Il rischio in questo modo è che lo stile esasperato diventi più importante della funzionalità del soggetto e che invece di essere stigmatizzata, la prestazione ad alta velocità ed eseguita a grande distanza, ma fine a sé stessa, divenga sinonimo di perfetto stile dimenticando quell’aspetto fondamentale che si può racchiudere nel trinomio ragionamento-reperimento-collegamento che ha fatto sì che il bracco italiano divenisse il cane da caccia per eccellenza da quando ancora si usavano le reti e ancor più da quando si iniziò ad usare l’archibugio fino ai giorni nostri, avendo innata la capacità di scovare il selvatico e di farlo incarnierare al proprio cacciatore.
Movimento della coda e della tasta durante la cerca
Durante la fase della cerca fa piacere osservare quei cani che portando la testa alta in assenza di emanazione, che la spostino leggermente avanti e non la tengano fissata in quella posizione che potremo definire del “cobra pronto a colpire” che, non solo secondo me, denota la forte impronta di metodi coercitivi da parte del proprietario con conseguente robotizzazione del soggetto che perde così la sua naturalezza. All’arrivo di molecole odorose è bello osservare la canna al vento nell’intento di captare e analizzare l’effluvio, con lo scopo di snocciolare e palesare i segreti in esso nascosti, il tutto avviene nella totale morbidezza e fluidità. Alcuni dei soggetti che ho avuto cercavano le molecole così in alto nell’aria da ergersi sulle zampe posteriori rimanendo per diversi secondi in posizione eretta, sembravano degli uomini goffi ma molto attenti.
Il movimento della coda è davvero molto importante perché mostrando un ritmico ondeggiare senza strafare in mulinelli osceni, sarà un diapason che detterà il ritmo del trotto e del galoppo. È proprio in questa specie che la coda rappresenta un trait d’union rafforzato con il conduttore, perché attraverso il movimento comunica gli stati d’animo dell’ausiliare, calma quando oscilla normalmente, attenzione quando l’oscillazione accelera alla prima percezione delle molecole odorose, fino ad arrivare all’immobilità in presenza del selvatico, ma sempre in posizione orizzontale più o meno bassa. È giudizio di molti giudici e lo condivido che il corretto movimento di coda è aspetto imprescindibile dei continentali e del Bracco Italiano in primis.
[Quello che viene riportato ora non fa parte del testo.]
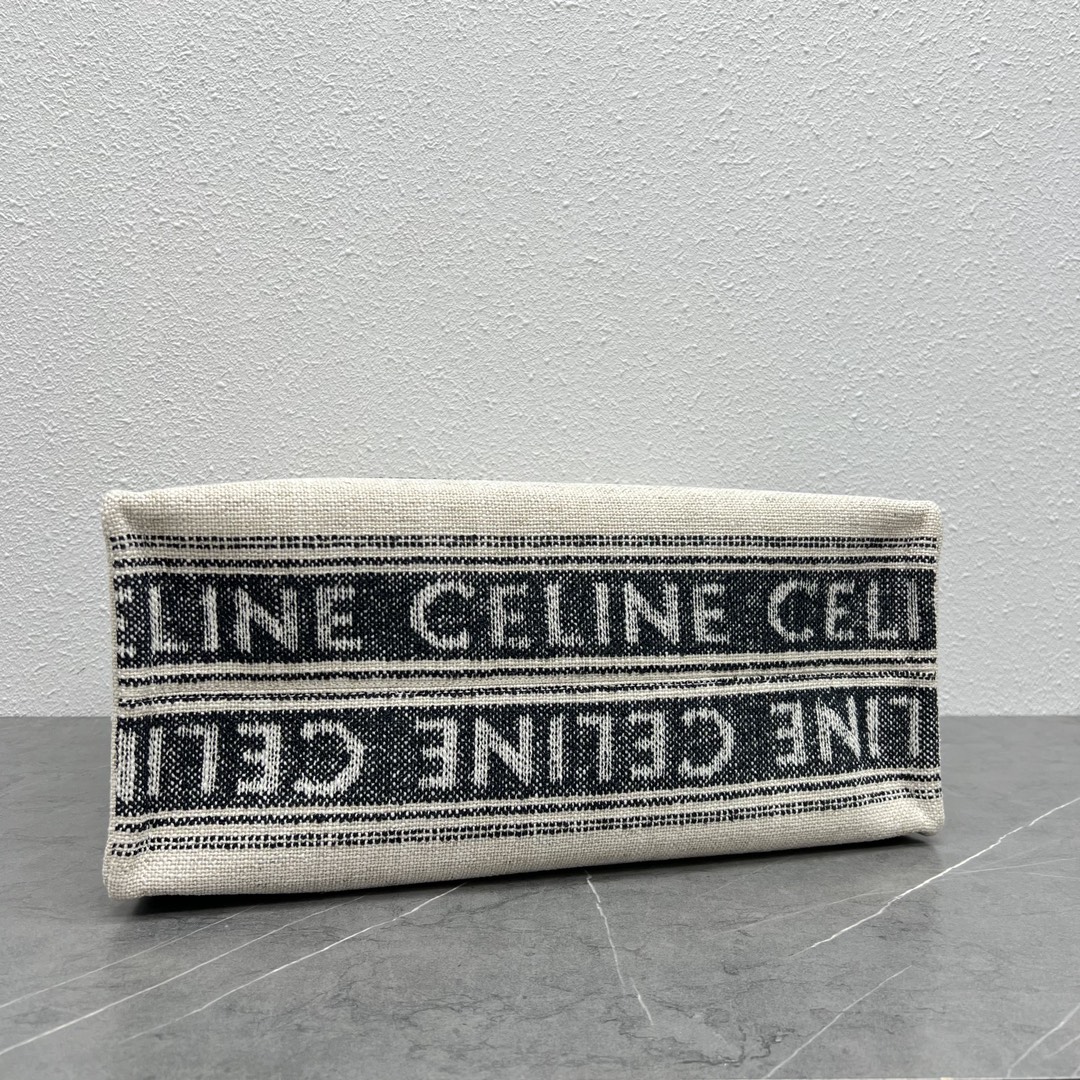 Celine Large Cabas Thais In Striped Textile With Celine Jacquard And Calfskin Cream/Grey 196762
Può capitare che alcuni bracchi in ferma continuino nell’oscillazione del moncherino, è comune intendere che se tale atteggiamento persiste su selvaggina immessa, denota intelligenza del cane, discorso diverso invece se viene perpetrato su selvaggina naturale. Ricordo il mio primo Bracco, Zeiro della Croccia, che pur essendo un gran fermatore su tutti i selvatici, si rifiutava di cercare e fermare la selvaggina appena immessa su cui, una volta individuata, andava educatamente ad orinare. Ma ho avuti anche soggetti che pur in ferma continuavano a muovere la coda. A parte l’aspetto estetico del movimento che proprio infastidisce, sono convinto che il movimento possa essere dettato o da scarse doti olfattive o da scarse doti intellettive. Non vi è soluzioni per entrambe, però, con l’esperienza, un soggetto con poco naso ma con un buon quoziente, potrebbe eliminare il difetto.
Nessuna alchimia o segreto di razza, quindi, un bracco italiano degno di questo nome dovrà cercare, muoversi e trovare la selvaggina nel modo in cui ci si aspetta lo faccia un bracco. In modo ragionato, fluido, con stile ma sempre concentrato sul compiacimento del proprio compagno di caccia a due gambe con cui instaurerà sempre un grande rapporto di fiducia che dovrà essere ricambiato, solo così il bracco svelerà i segreti della natura e della fauna selvatica che insidia.
Guidata, ferma, recupero e riporto
L’ars venandi con il bracco italiano, assume per me una connotazione diversa, riassumendo uno spessore che spesso si tende a perdere utilizzando altre razze. Si tratta di sicuro di un modo soggettivo di vivere la passione venatoria, ma tant’è, non tutti possiamo essere inglesisti, né tutti possiamo essere braccofili. Ognuno dovrebbe scegliere i propri cani in base al proprio modo di cacciare e di vivere la caccia. Si è sempre alla ricerca dell’ausiliare migliore e perfetto che sappia interpretare al meglio il nostro animus venandi e che di conseguenza ci regali le giuste soddisfazioni. Scovare i selvatici che più amiamo insidiare è solo un aspetto tra i tanti che deve possedere l’ausiliare in questione, perché se li scopre per conto suo e per suo piacere non penso che il vero cacciatore, sentendosi tagliato fuori dall’azione di caccia, possa ritenersi alla fine soddisfatto del proprio ausiliare. Oggi ritengo che chi possiede un continentale italiano, spinone o bracco, di tutto possa lamentarsi tranne del fatto di non avere nel proprio cane un valido compagno di caccia che lo coinvolga in tutti i momenti dell’azione venatoria.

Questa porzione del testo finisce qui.